An upload can be viewed at any time by the main author, the upload coauthors, and the upload reviewers. Other users will not be able to see the upload until it is published and the embargo (if requested) has been lifted. The main author decides which users to register as coauthors and reviewers, when to publish and if it should be published with an embargo. The main author and upload coauthors are the only users who can edit the upload while it is in staging.

How to share data with the central NOMAD?

Keep in mind, it is not entirely clear, how we will do this.

How to designate Oasis data for publishing to NOMAD?

Currently, you should use one of the organizational mechanism to designate data for being published to NOMAD. You can use a dedicated dataset for publishable data.

How to upload?

We will probably provide functionality in the API of the central NOMAD to upload data from an Oasis to the central NOMAD and provide the necessary scripts and detailed instructions.
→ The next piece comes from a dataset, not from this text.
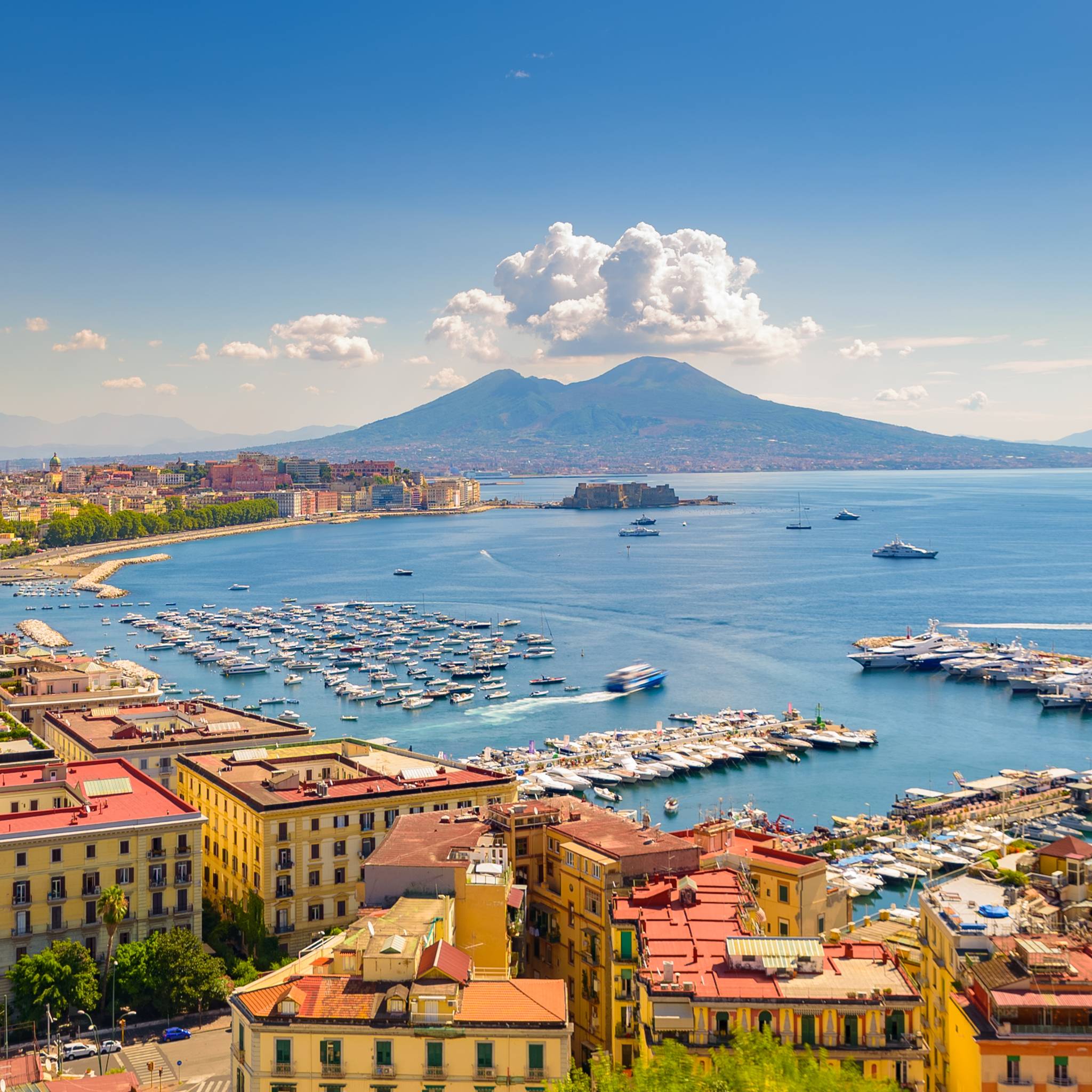 Sulle tracce dei Borboni di Napoli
Most likely the data that is uploaded to the central NOMAD can be selected via a search query. Therefore, using a dedicated dataset, would be an easy to select criteria.
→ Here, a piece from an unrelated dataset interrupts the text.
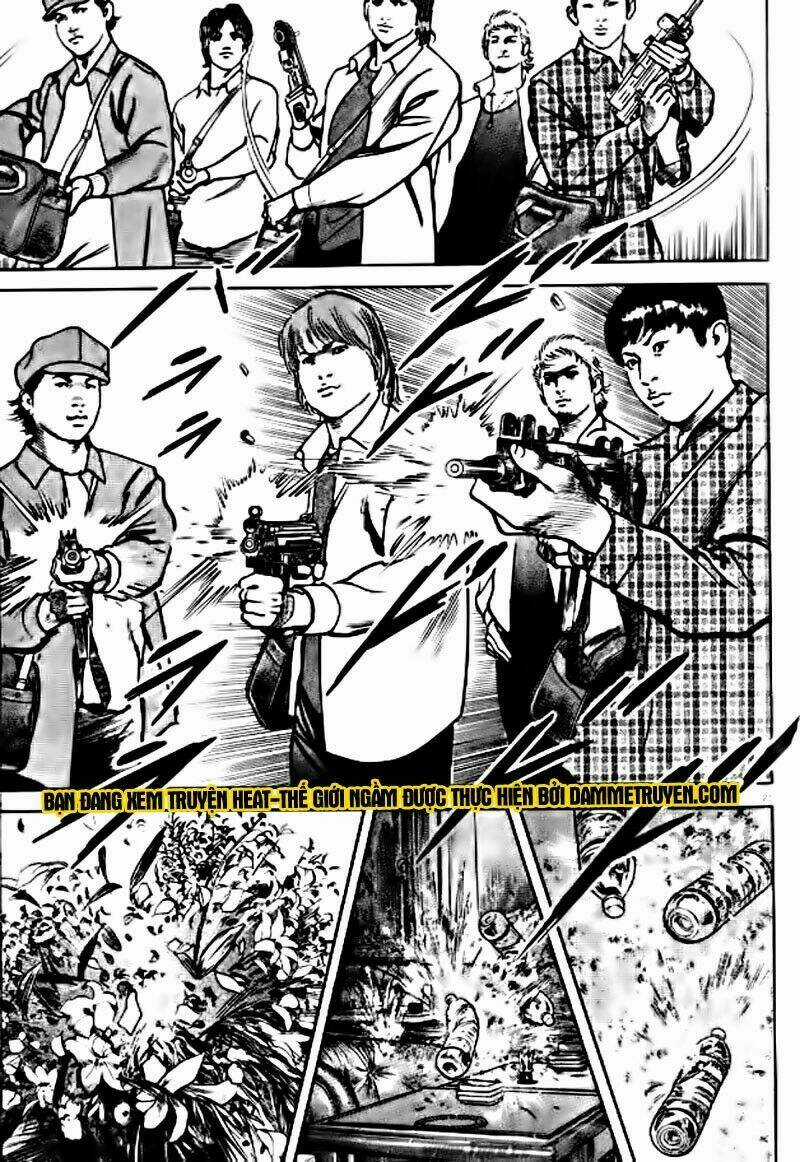 Heat - Thế Giới Ngầm Chapter 83 trang 18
How to maintain an Oasis installation?

How to install a NOMAD Oasis?

Follow our guide: https://nomad-lab.eu/prod/rae/docs/ops.html#operating-a-nomad-oasis

How do version numbers work?

There are still a lot of thing in NOMAD that are subject to change. Currently, changes in the minor version number (0.x.0) designate major changes that require data migration. Changes in the patch version number (0.7.x) just contain minor changes and fixes and do not require data migration. Once we reach 1.0.0, NOMAD will use the regular semantic versioning conventions.
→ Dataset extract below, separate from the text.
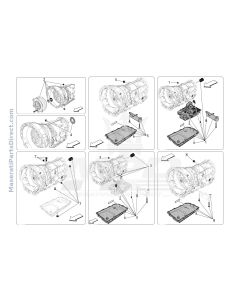 03.10 - 2 - GEARBOX HOUSINGS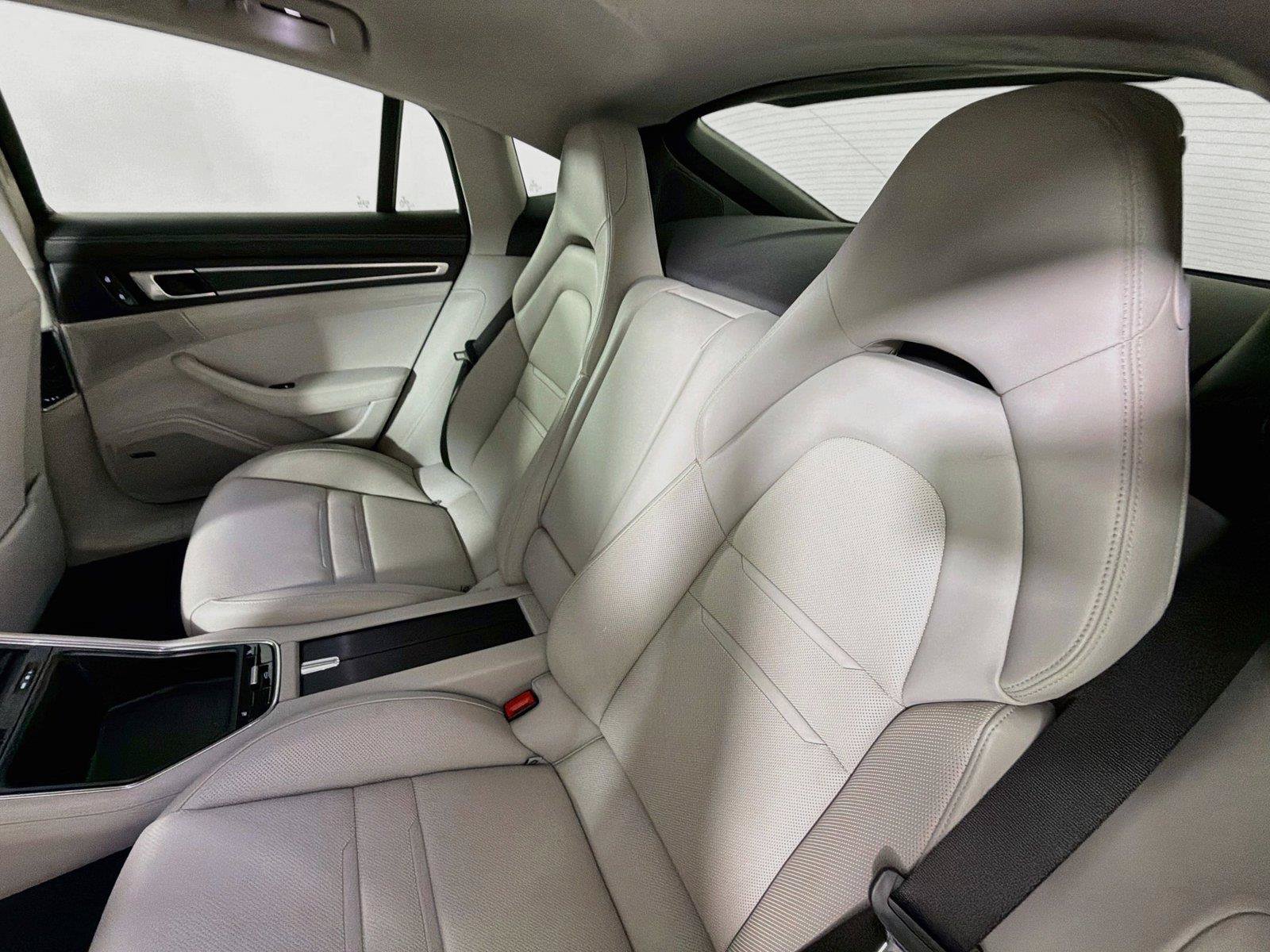 Certified 2020 Porsche Panamera 4 AWD/4WD image 26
How to upgrade a NOMAD Oasis?

When we release a new version of the NOMAD software, it will be available as a new Docker image with an increased version number. You simply change the version number in your docker-compose.yaml and restart.

What about major releases?

Going from NOMAD 0.7.x to 0.8.x will require data migration. This means the layout of the data has changed and the new version cannot be used on top of the old data. This requires a separate installation of the new version and mirroring the data from the old version via NOMAD’s API. Detailed instructions will be made available with the new version.

How to move data between installations?

With the release of 0.8.x, we will clarify how to move data between installations. (See last question)

How to backup my Oasis?

To backup your Oasis at least the file data and mongodb data needs to be backed up. You determined the path to your file data (your uploads) during the installation. This directory can be backed up like any other file backup (e.g. rsync). To backup the mongodb, please refer to the official mongodb documentation. We suggest a simple mongodump export that is backed up alongside your files. The elasticsearch contents can be reproduced with the information in the files and the mongodb.